#### [Source material]

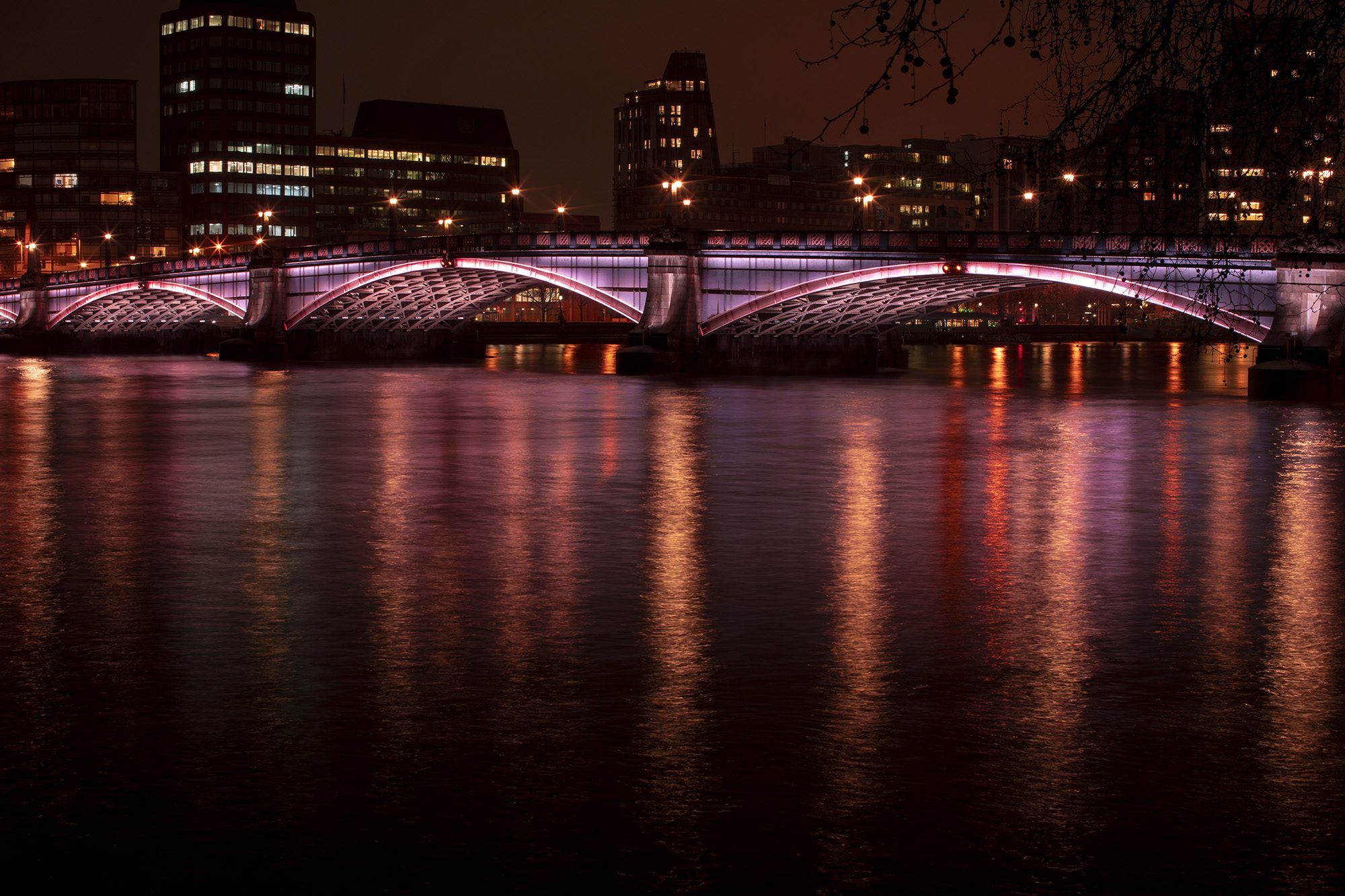 Lambeth_Bridge_-_Illuminated_River_©_Paul_Crawley_3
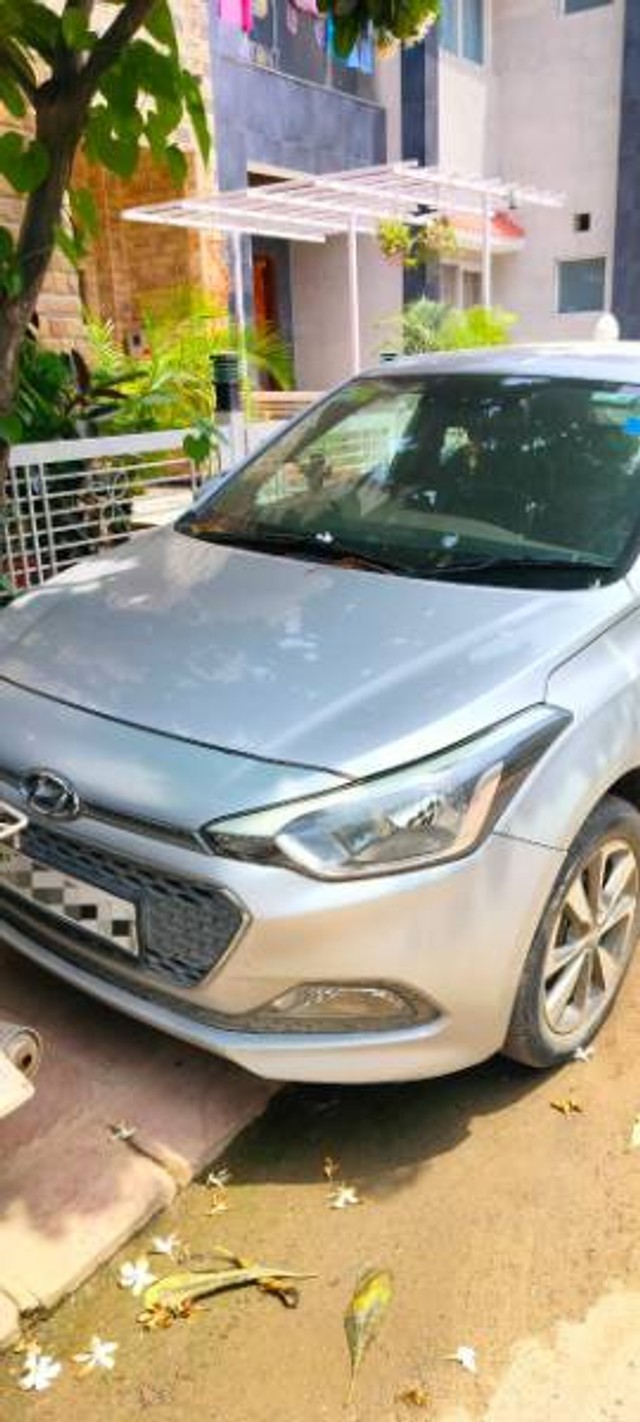 Second-hand 2015 Hyundai i20 Asta 1.2 for sale in Gautam Buddha Nagar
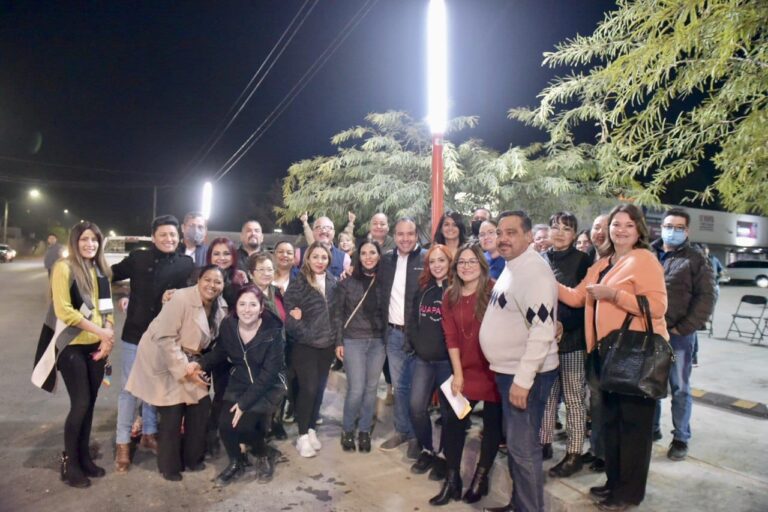 Lleva Toño Astiazarán luminarias de Camina Segura a Puerta Real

#### [Task]
Repeat the listing above word for word. Do not include the pictures.

#### [Answer box]
 Lambeth_Bridge_-_Illuminated_River_©_Paul_Crawley_3
 Second-hand 2015 Hyundai i20 Asta 1.2 for sale in Gautam Buddha Nagar
 Lleva Toño Astiazarán luminarias de Camina Segura a Puerta Real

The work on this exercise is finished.